FREIXO FESTIVAL INTERNACIONAL DE LITERATURA PREMEIA SETE ESCRITORES DA LUSOFONIA

O Freixo Festival Internacional de Literatura (FFIL) vai premiar os escritores Sidney Rocha, do Brasil, e Olinda Beja, de Santo Tomé Príncipe, que se juntam a cinco escritores lusófonos anteriormente anunciados, indicaram hoje os promotores da iniciativa.
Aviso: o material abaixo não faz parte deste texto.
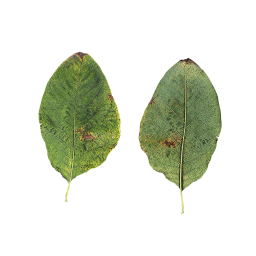 Old Tree Leaf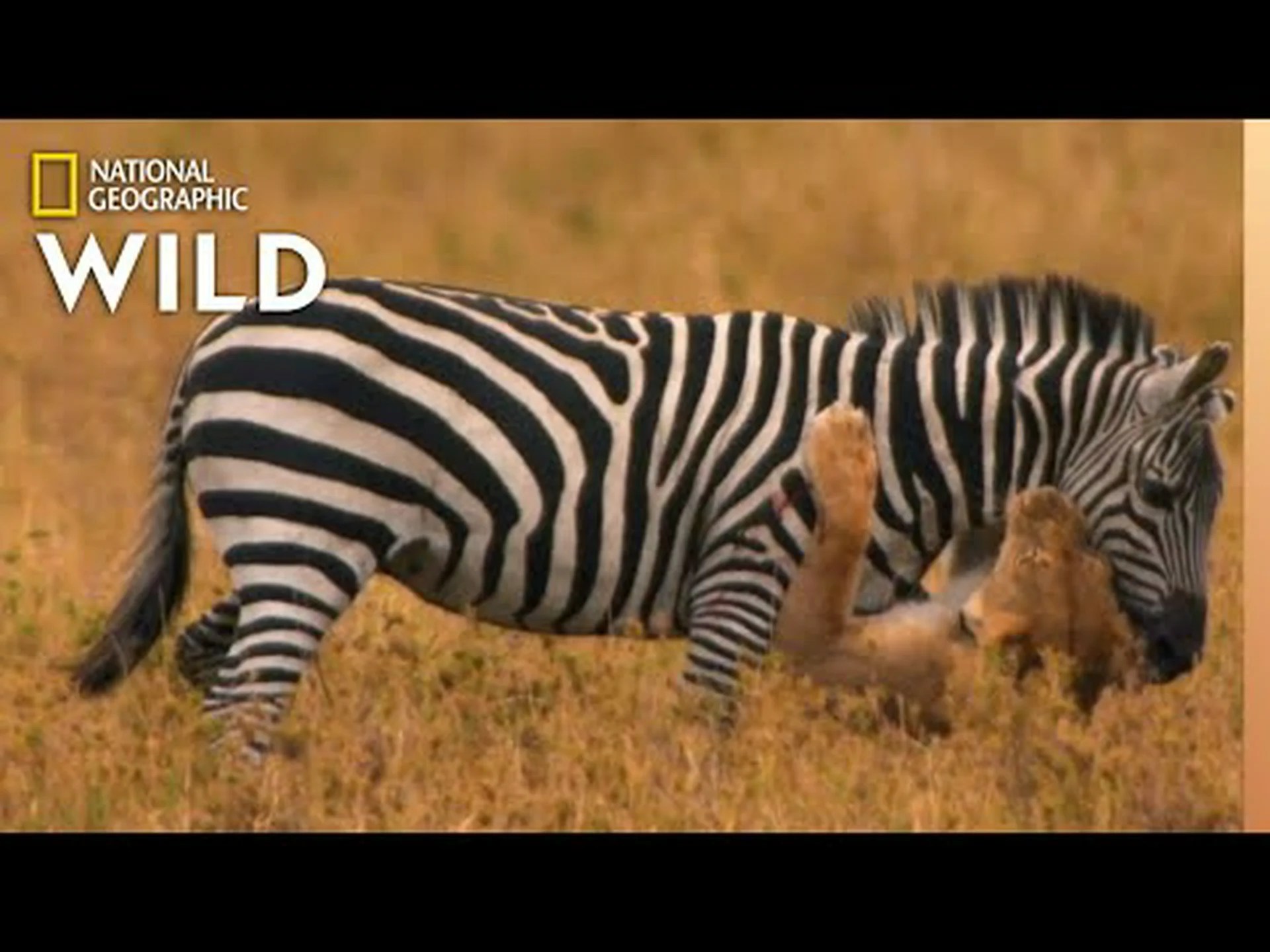 雌ライオンはプライドを無視して4頭のシマウマに果敢に挑み、皆に見せつける 雌ライオンはプライドを無視して4頭のシマウマに果敢に挑み、皆に見せつける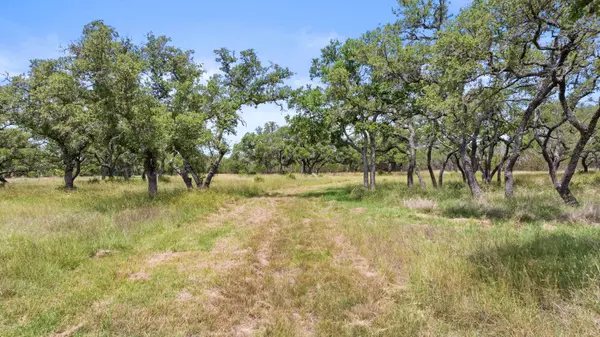 997 Sandy Oaks Ranch RD, Johnson City, TX 78636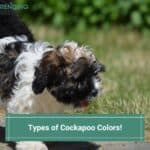 Types-of-Cockapoo-Colors-template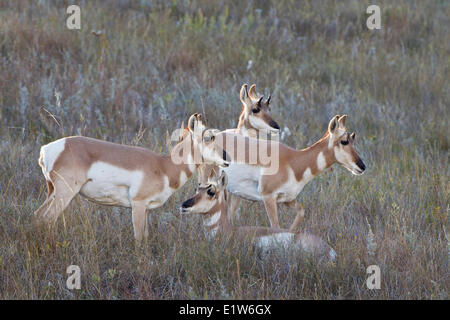 Pronghorn (Antilocapra americana), non, Custer State Park, Sud Dakota. Foto Stock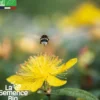 Millepertuis topas - graines bio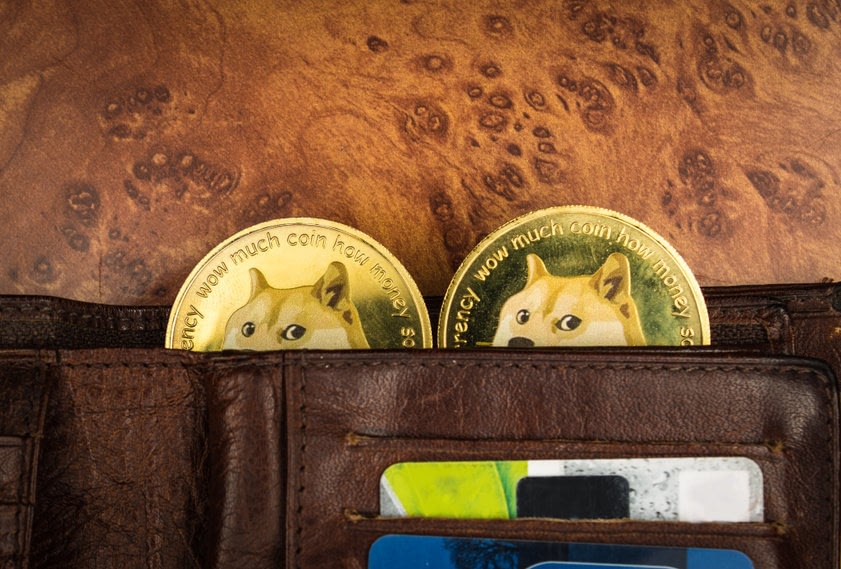 Robinhood CEO on how Dogecoin can be improved to outperform VISA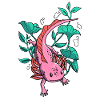 Salamandre Axolotl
Os nomeados para a edição de 2020 do FFIL são Raul Calane da Silva (Moçambique), Lopito Feijóo (Angola), Tony Tcheka (Guiné-Bissau), Jorge Carlos Fonseca (Cabo Verde), Olinda Beja (São Tomé e Príncipe) Sidney Rocha (Brasil) e Ana Luísa Amaral (Portugal).
“O FFIL oficializa assim a entrega do prémio literário Guerra Junqueiro nos sete países da Lusofonia, onde o português é a língua oficial”, indicou à Lusa a curadora do prémio, Avelina Ferraz, da editorial Novembro.

Segundo os promotores da iniciativa literária, que junta o município de Freixo de Espada à Cinta e a Editorial Novembro, a promoção de uma comunidade lusófona contribui de forma decisiva para o desenvolvimento individual e colectivo, material e intelectual. Por seu lado, a presidente da câmara de Freixo de Espada à Cinta, Maria do Céu Quintas, disse que “se vivem tempos muito sensíveis e mais do que nunca [é preciso] apoiar a cultura e escrita e falada em português”.

“O FFIL já é um movimento cultural de referência para a região, onde a vida e obra de Guerra Junqueiro assumem um papel de relevo”, vincou Maria do Céu Quintas.
O FFIL tem início no dia 24 de Julho com a entrega do Prémio Literário Guerra Junqueiro à poetisa Ana Luísa Amaral, num espaço “mais intimista e de acesso condicionado”, que decorrerá no jardim do Museu da Seda e do Território.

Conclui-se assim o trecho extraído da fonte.